Now this lady rocks. She poked. She prodded. She asked a million questions and even took notes. She sucked at her bottom lip in deep thought and consulted tomes, licking her finger and flipping pages like the Tasmanian Devil. She checked my breathing, my kidneys, my ears, nose and throat. She tapped on my chest and pressed on my belly. She had me lie on a table and gave my broken old body a thrice over. She quizzed me on my bowel movements and the color of my urine. Nothing. She, after much thought and exploration of my, well, self, decided that I have arthritis. Not sure what’s causing it or why, but arthritis nonetheless. Sweet. She prescribed a NSAID for me and that seems to be taking the pain away, the swelling, well, that is still there. She also wanted me to start this arthritis drug with wicked side effects: orange skin, rash, diarrhea, dry mouth, liver failure, kidney failure, loss of back hair. Sh.., this drug requires monthly blood work to make sure my liver and kidneys are functioning properly. I thought about that and took a pass, will save that for another day.
So now it appears that this is something I must manage and live with, a possible side effect of aging or simply the years of abuse I have handed my body. Or is it? I met this cat out riding the road bike the other day and described to him my malaise. His reply, “Man, the same thing happened to me. I bought these insole shoe shimmy things from Specialized and the pain vanished, was gone”. (And no Specialized are not paying me for this, though I kind of wish they were). I have ordered some and will let you know how it goes. I guess it can’t hurt. Hah!

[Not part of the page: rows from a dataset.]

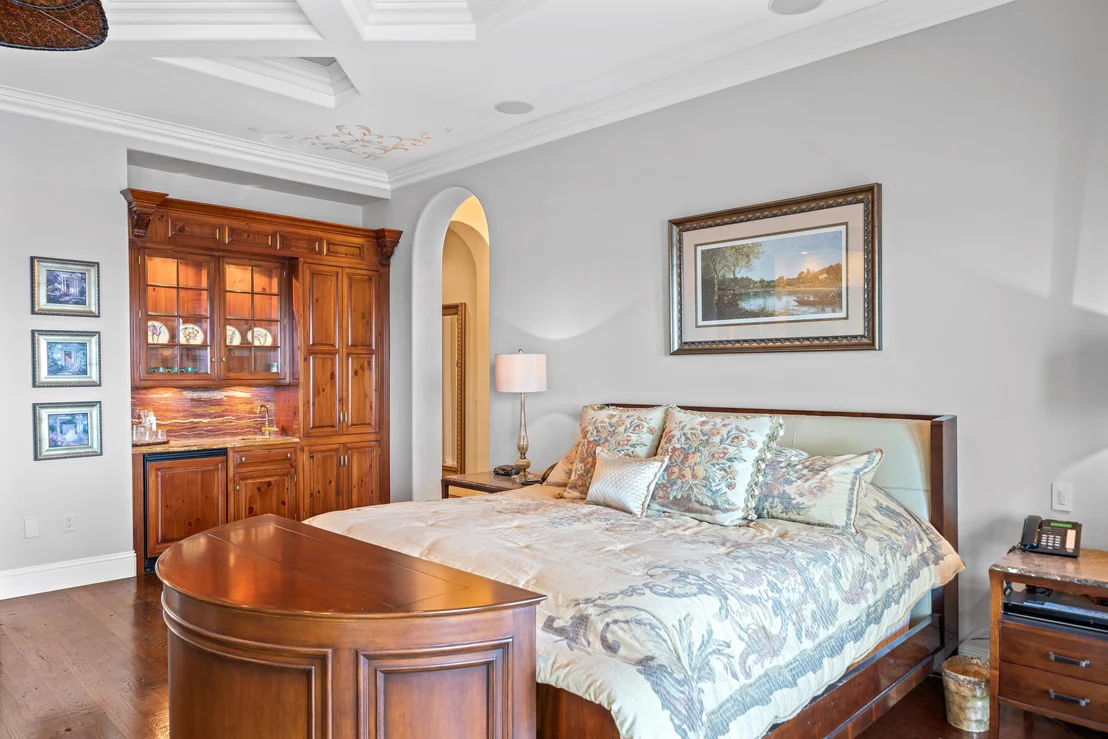 Photo of 4117 S Ocean Boulevard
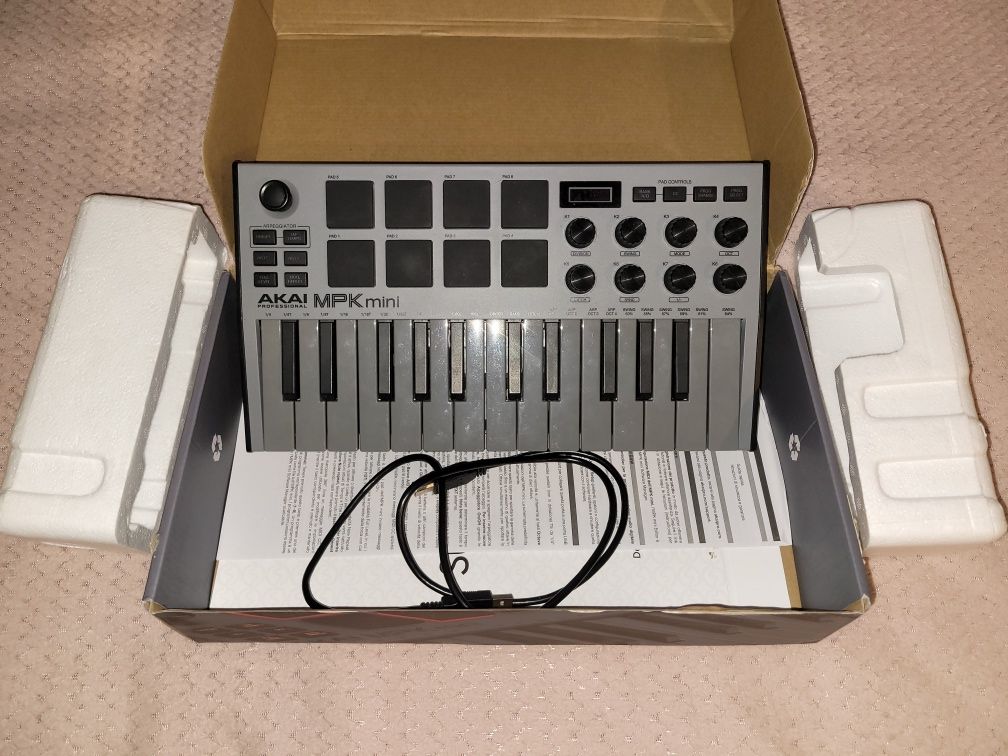 Akai MPKmini Grey MK3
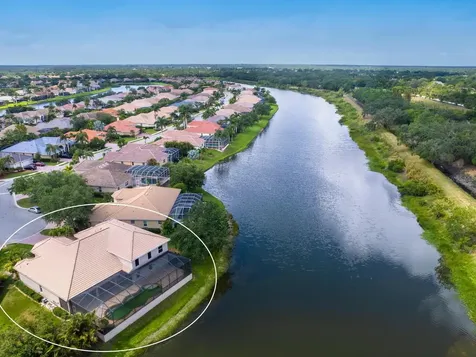 2496 Farms Court Sarasota FL 34240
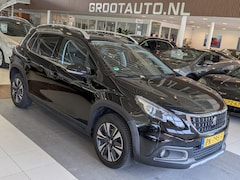 Peugeot 2008 - 1.2 PureTech Allure Trekhaak, Cruise Control, Panoramadak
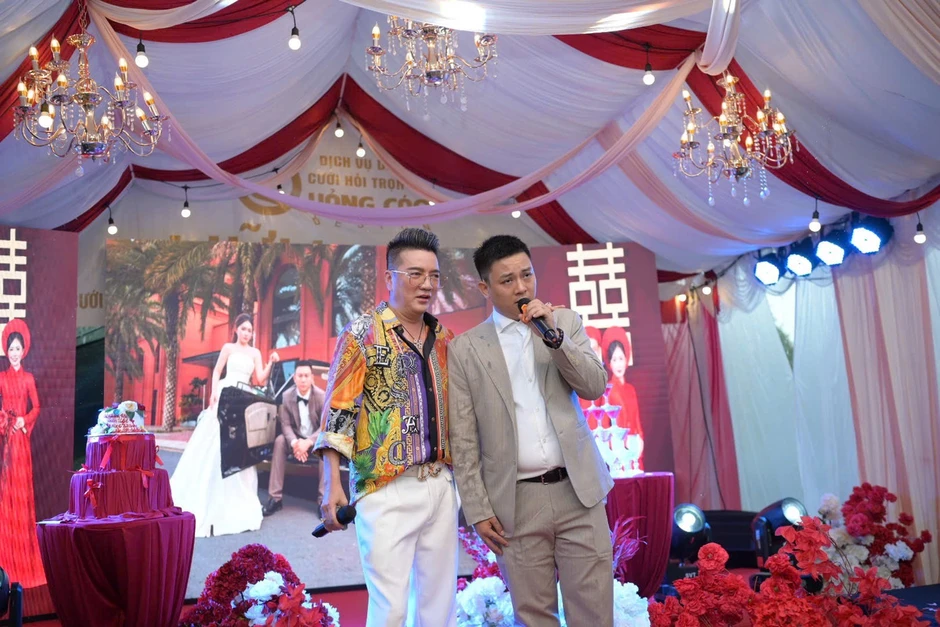 Đàm Vĩnh Hưng dự đám cưới Hoài Lâm Đàm Vĩnh Hưng dự đám cưới Hoài Lâm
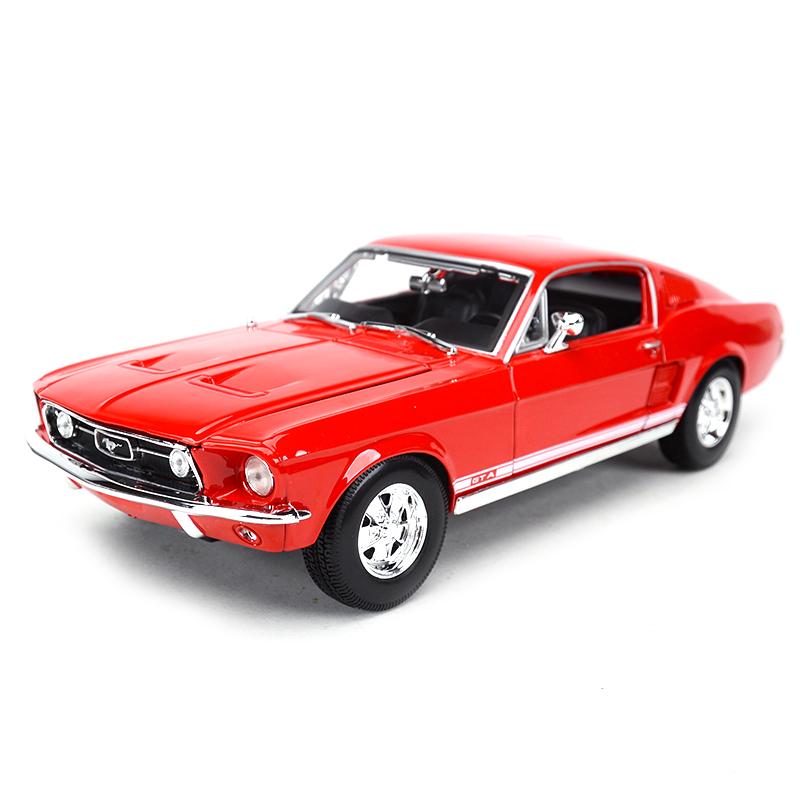 

Maisto 1:18 1967 Ford Mustang GTA Fastback Sports Car Static Simulation Die Cast Vehicles Collectible Model Car Toys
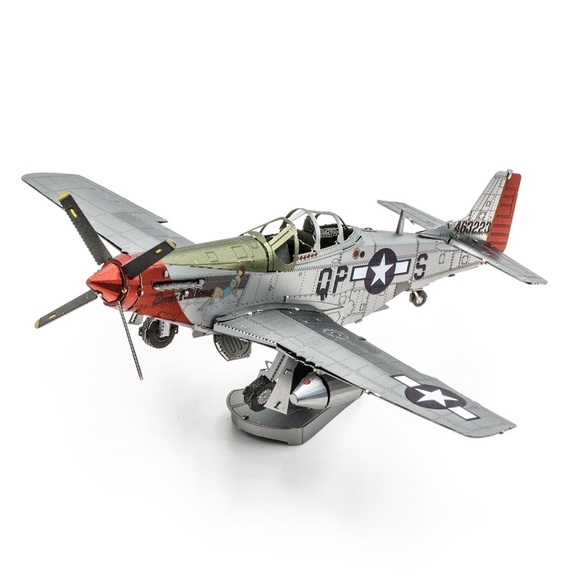 Metal Earth P-51 Mustang Plane 3D Model (14+) - Picture 2 of 5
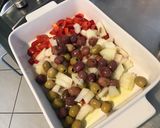 Une image de l'étape 4 de Côtes de porc à la moutarde,herbes de Provence,oignon, poivron rouge et olives marinées.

At least now I can ride on the dirt again. There was a time where the pain was too much for me to weight my pedals properly when descending, making mountain biking impossible. And I can assure you that following my line on the road was not a good idea. Those days are behind me now and I can ride the mountain bike, the ‘cross bike, even stand up and climb out of the saddle. My lines still suck but I am in control of the pain … for now … and I am planning on hitting my first race on the weekend of October 20-21. I may even race both days if my family schedule will allow. And believe me you will hear about it.
Now if there is a moral to this story, as there should be with all stories, it would have to be ‘take care of your feet because you’ve only got one pair and they get you to where you are going and without them you are stuck, and never, I mean never, ever, follow my line’. Yeah, those, and there should be way more legal singletrack on Mount Tamalpais.